Well, this was a cool film.

You had an interesting storyline and some ok action. I like th esettings you used and I'd say that your backgrounds were really good.

The actual animation of the characters was stiff, though. Also, during the fighting scenes, you need to use more than just swishing sounds. You need clanks and clunks for swords hitting each other and armour and squishes for cutting someone, etc.

Using masking will help you as well to make it actually look like a sword is going into someone. It's a surprisingly easy effect.

Oh, and the option of picking character fight scenes was cool. =)

Blakant responds:

Respond From StillBeatingPictures :

Thank you for your honest opinion, in the next episode we will add more sounds, mask the characters attacks, amoung other things, thanks for your review.

I admire the ambition here...

.. but I'm afraid the actual animation chops just weren't there to make the story compelling and real. Also the voice actors pretty well blew, but I won't focus in on that.

The breakdown:

The art, though decent, was far too bland and uninspired to match a fantasy universe. You've obviously put a whole lot of thuoght into this project, and thoroughly stretched your imagination to its limits. So if you're going to ride the ways of high fantasy and make something extravagant in plot and idea, the art and direction should match. What I saw was some browns and greens making vague shapes. Really get in their and design unique and interesting characters who are distinct and relfect your own flavour and match the universe they live in. Whatever you do though, don't pull a Jazza and make the most generic fantasy characters ever.

The animation was tweenfilled, which is fine I guess as a beginner, but if you're going to take animation seriously I reccomend going out and grabbing The Animators Survival Kit by Richard Williams. It's a fantastic book that goes into great detail outlining the principles of tradition and frame-by-frame animation. If you start learning from the classical formats you'll pick up how to make gravity and weight and balance feel truly real in your animations. Then you can learn the tricks and gizmos of Flash such as easing and shape tweens and you'll be able to really grasp tweens as their own art form. As is you have a few symbols getting dragged around in motions that barely resemble the actions they represent.

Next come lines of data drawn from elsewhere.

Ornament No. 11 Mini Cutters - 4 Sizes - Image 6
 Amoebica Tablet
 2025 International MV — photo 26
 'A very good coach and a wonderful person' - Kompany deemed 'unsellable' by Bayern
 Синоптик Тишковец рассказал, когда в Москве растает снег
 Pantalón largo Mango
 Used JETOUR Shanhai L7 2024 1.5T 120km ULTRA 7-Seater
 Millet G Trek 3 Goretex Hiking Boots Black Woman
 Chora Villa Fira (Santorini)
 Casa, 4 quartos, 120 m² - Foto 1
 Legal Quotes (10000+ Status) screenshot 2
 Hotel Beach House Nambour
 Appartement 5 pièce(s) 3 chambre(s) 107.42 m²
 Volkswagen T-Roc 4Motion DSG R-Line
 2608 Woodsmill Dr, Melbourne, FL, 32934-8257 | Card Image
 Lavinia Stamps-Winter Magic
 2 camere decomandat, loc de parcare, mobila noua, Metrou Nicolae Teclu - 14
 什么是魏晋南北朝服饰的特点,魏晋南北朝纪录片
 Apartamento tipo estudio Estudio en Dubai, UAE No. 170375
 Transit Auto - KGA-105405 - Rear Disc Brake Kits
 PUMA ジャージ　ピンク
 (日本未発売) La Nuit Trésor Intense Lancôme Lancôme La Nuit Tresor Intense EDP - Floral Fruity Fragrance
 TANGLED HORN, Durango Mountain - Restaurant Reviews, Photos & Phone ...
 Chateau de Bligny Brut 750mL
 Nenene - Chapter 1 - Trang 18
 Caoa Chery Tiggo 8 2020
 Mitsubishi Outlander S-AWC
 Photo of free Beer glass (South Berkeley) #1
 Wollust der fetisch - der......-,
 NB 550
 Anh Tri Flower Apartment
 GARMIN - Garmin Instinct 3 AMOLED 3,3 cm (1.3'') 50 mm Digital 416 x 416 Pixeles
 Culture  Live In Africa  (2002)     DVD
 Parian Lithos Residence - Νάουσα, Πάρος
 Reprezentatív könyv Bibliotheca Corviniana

The direction was the biggest problem for me. You angles were just flat on and didn't really ever change. We never get close ups, or tracking shots, or any such things. Try and really mix things up and give up some shots that aren't pedestrian and textbook. As is this looks like a bad John Singleton attempt at directing. The "camera work" fails to generate any interest and just leaves the viewer staring blankly and a couple of side-scrolling characters from a distance where you can hardly learn anything about them at all. I know you aren't Rtil, but take a look at his work, especially GUM if you want to see a great example of how you can use simple view angles to really spice up your work.

Keep at it, and massive kudos for the effort you put into this. Great to see that even if this isn't the best, at least your producing unique and original content. Work hard and you'll go far!

Blakant responds:

I making my own sprites, so ppl in NG somehow do their own, rather than take some Nintendo sprite & get the credit from other ppl work!
I know its not perfect, but at least make it fair, 4/10 is too shitty for this project, dude!